Authors Han R , Duan L, Zhang Y, Jiang X

Received 14 June 2023

Accepted for publication 24 August 2023

Published 5 September 2023 Volume 2023:16 Pages 2695—2703

DOI https://doi.org/10.2147/DMSO.S425511

Checked for plagiarism Yes

Review by Single anonymous peer review

Peer reviewer comments 4

Editor who approved publication: Dr Konstantinos Tziomalos



Rongfeng Han, Lijun Duan, Yang Zhang, Xia Jiang

Department of Endocrinology, Tianjin First Center Hospital, Tianjin, 300192, People’s Republic of China

Correspondence: Rongfeng Han, Department of Endocrinology, Tianjin First Center Hospital, Tianjin, 300192, People’s Republic of China, Email [email protected]

Background: Type 2 diabetes mellitus (T2DM) patients are likely to develop kidney disease. Early diagnosis, finding predictors and controlling risk factors are of great significance for T2DM patients. This study investigated the ability of uric acid (UA), the uric acid to creatinine (CR) ratio (UA/CR) and the uric acid to high-density lipoprotein cholesterol ratio (UHR) to assess the kidney function of T2DM patients and determined the relationship between the three indicators and the estimated glomerular filtration rate (eGFR).
Methods: A total of 1326 adult T2DM patients were enrolled in the current study. Patients were stratified into three groups according to their eGFRs. Spearman correlation was used to analyze the correlation between three indicators and the clinical variables. Logistic regression analysis was used to assess the association between the three indicators and diabetic kidney disease (DKD) and kidney impairment (eGFR < 60 mL/min/1.73 m2). Receiver operating characteristic (ROC) analyses and the area under the ROC curve (AUC) were then used to assess the ability of UA, UA/CR, and UHR to discriminate kidney impairment in T2DM.
Results: UA and UHR demonstrated a positive association with DKD risk (P < 0.05). The odds ratios (ORs) were 1.005 (95% CI, 1.004– 1.007) and 1.057 (95% CI, 1.039– 1.076), respectively. UA/CR was negatively correlated with DKD risk (OR, 0.922 (95% CI, 0.876, 0.970), P < 0.05). Furthermore, UA and UHR demonstrated a strong positive association with kidney impairment risk, while UA/CR was negatively correlated with kidney impairment risk in T2DM patients (P < 0.05 for all) after adjusting for confounding factors. UA had the highest AUC (0.762) among the three indicators. UHR had a greater AUC (0.713) than UA/CR, which had an AUC value of 0.148 (p < 0.001).
Conclusion: UA is the best indicator of renal impairment (eGFR < 60 mL/min/1.73 m2) among the three indicators, and UHR is a better indicator than UA/CR.

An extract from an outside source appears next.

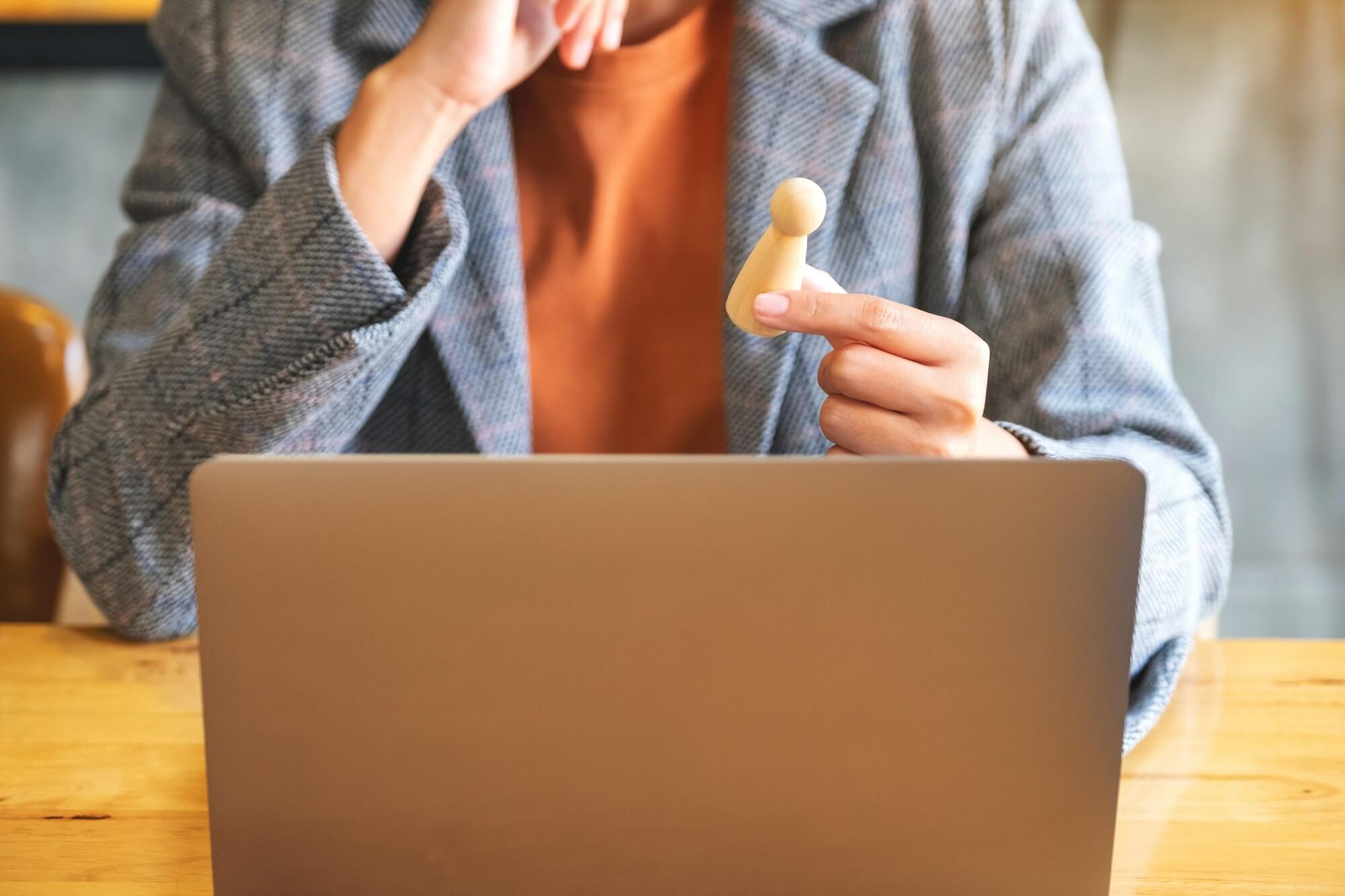 businesswoman-leader-holding-and-choosing-wooden-people-while-working-on-laptop-computer-in-office.jpg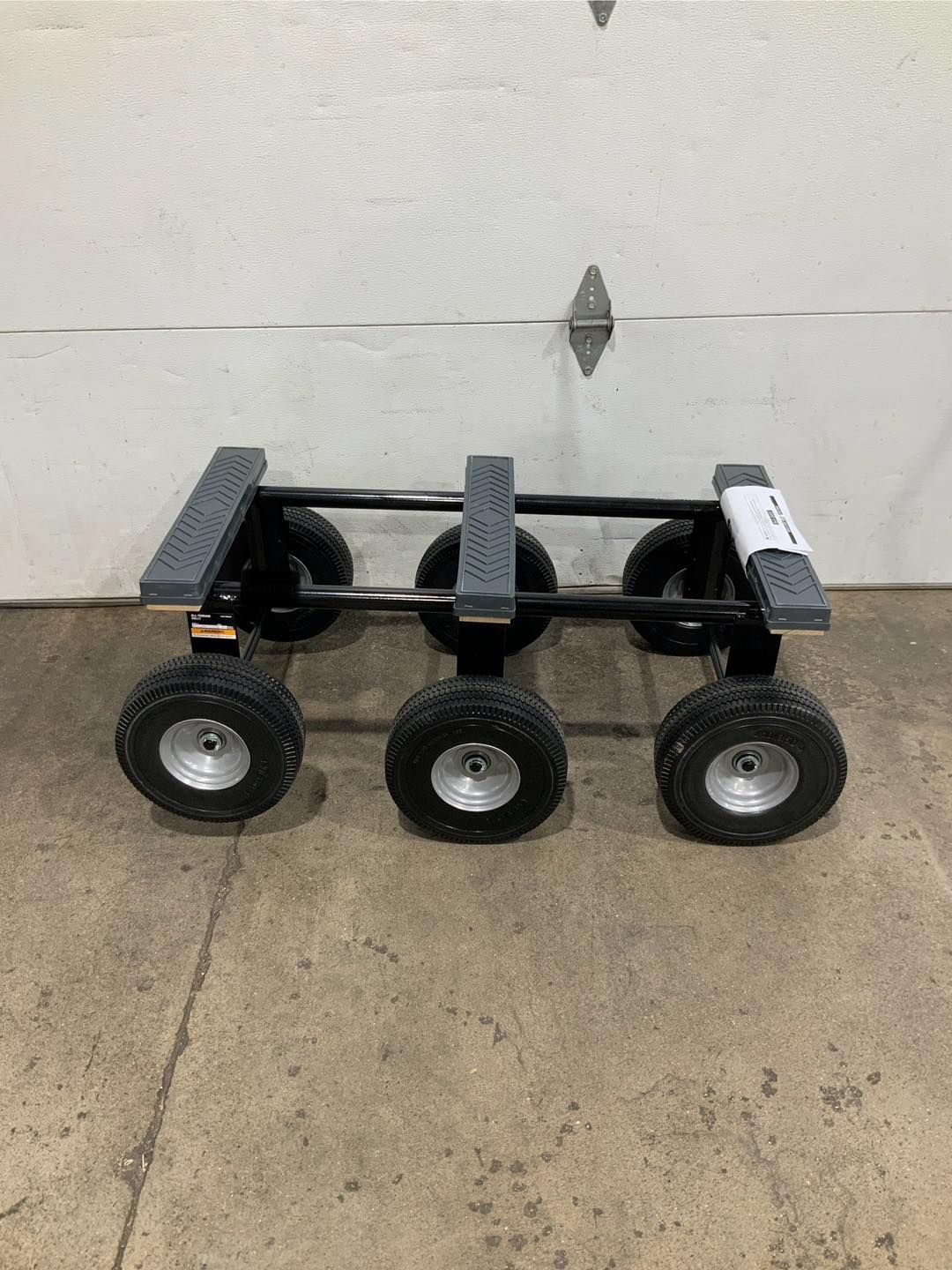 A cart with four wheels is sitting on the ground in front of a garage door.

Keywords: type 2 diabetes mellitus, T2DM, uric acid, UA, uric acid to creatinine ratio, UA/CR, uric acid to high-density lipoprotein cholesterol ratio, UHR, estimated glomerular filtration rate, eGFR

Introduction

DKD is one of the microvascular complications of diabetes; it has a hidden onset, is often asymptomatic, is difficult to detect, and causes serious renal damage in its later stage, which is the main cause of end-stage renal disease. Serious complications occur in 20–40% of all diabetic patients.1 DKD increases cardiovascular morbidity and mortality in patients with T2DM.2 Therefore, the early diagnosis, prevention and delay of the occurrence and development of DKD are of great significance to diabetic patients.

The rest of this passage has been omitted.